Where the lines below hold images, skip those and copy every word exactly.

--- Supplied data ---

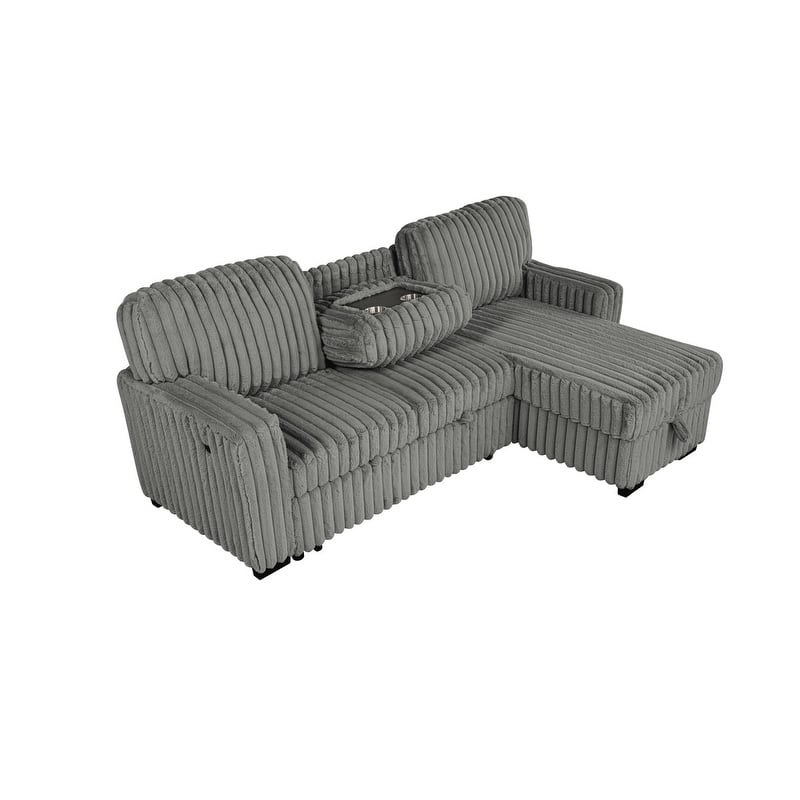 Best Quality Furniture 2-Piece Corduroy Sectional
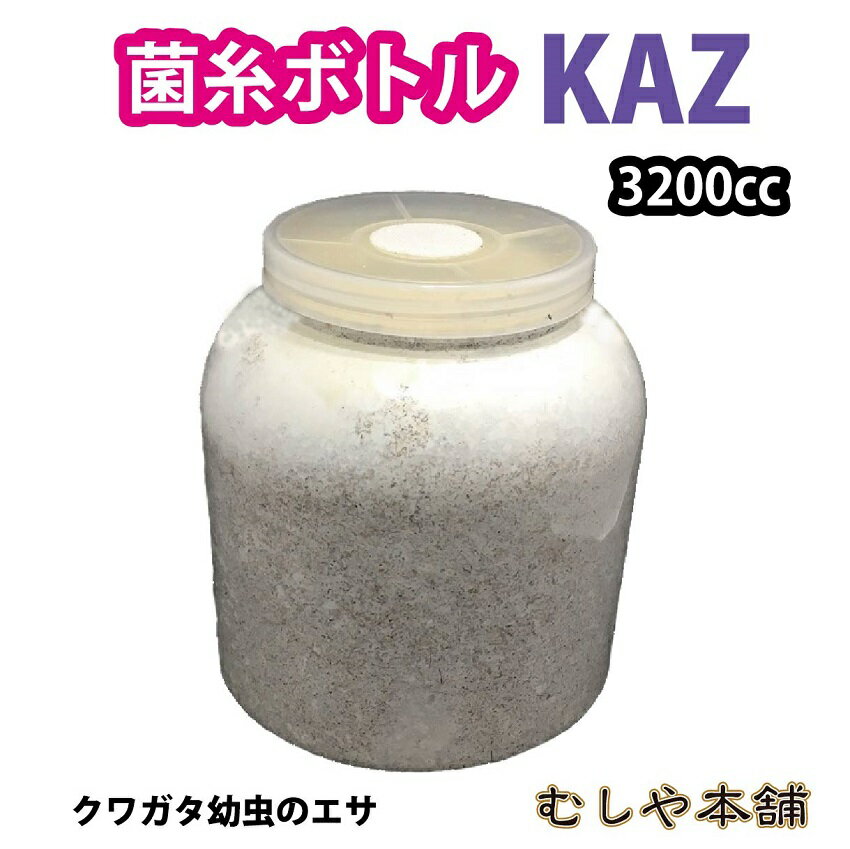 むしや本舗【トレハロース入り菌糸ボトル バイオパワーKAZ 3200cc 】菌糸ビン／クワガタ幼虫のえさ／クワガタ／幼虫／バイオパワーカズ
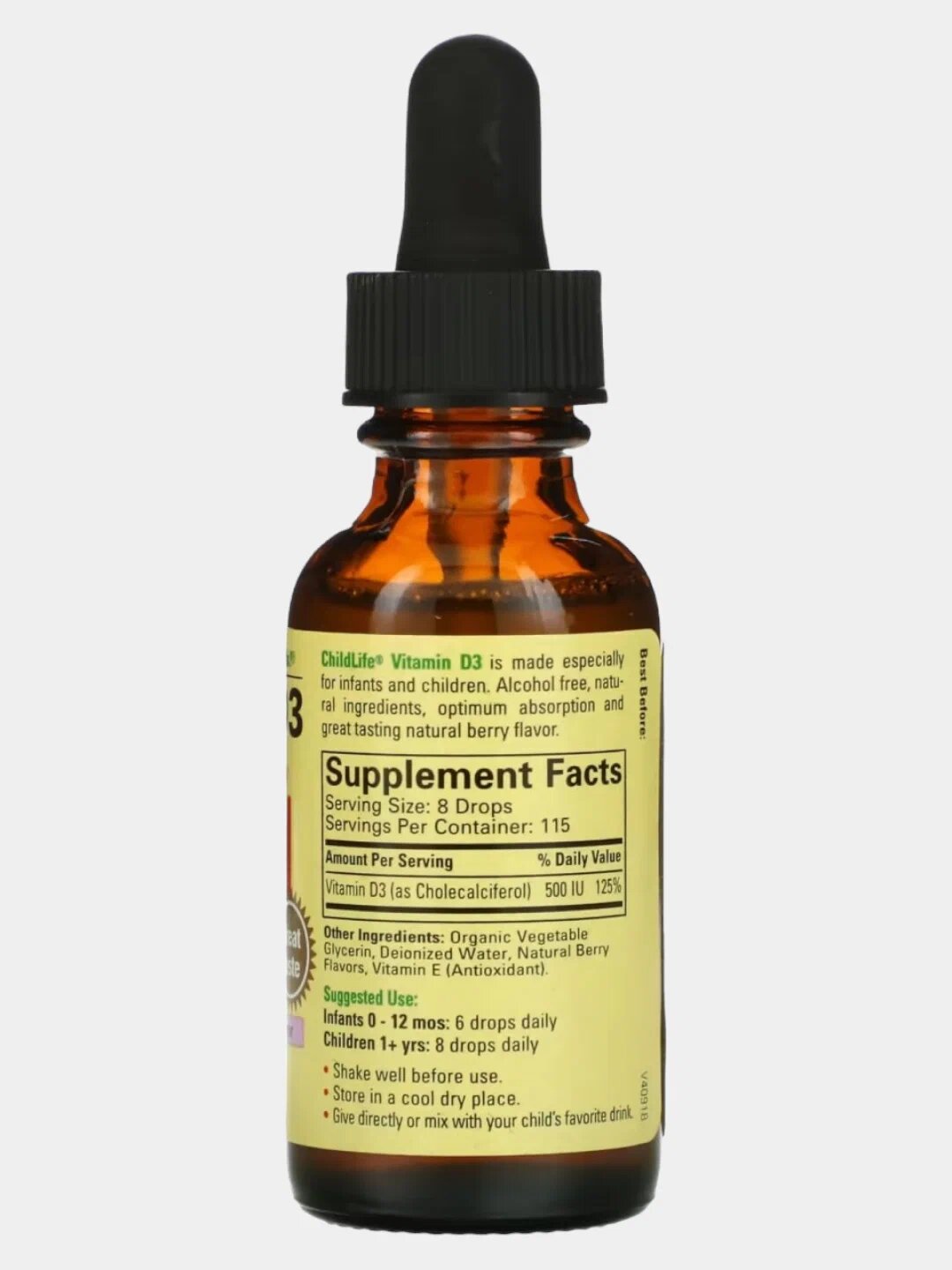 Витамин D3 Childlife Essentials, со вкусом ягод, 500 ME, 30мл — фото 1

---

> **Exercise result**
 Best Quality Furniture 2-Piece Corduroy Sectional
 むしや本舗【トレハロース入り菌糸ボトル バイオパワーKAZ 3200cc 】菌糸ビン／クワガタ幼虫のえさ／クワガタ／幼虫／バイオパワーカズ
 Витамин D3 Childlife Essentials, со вкусом ягод, 500 ME, 30мл — фото 1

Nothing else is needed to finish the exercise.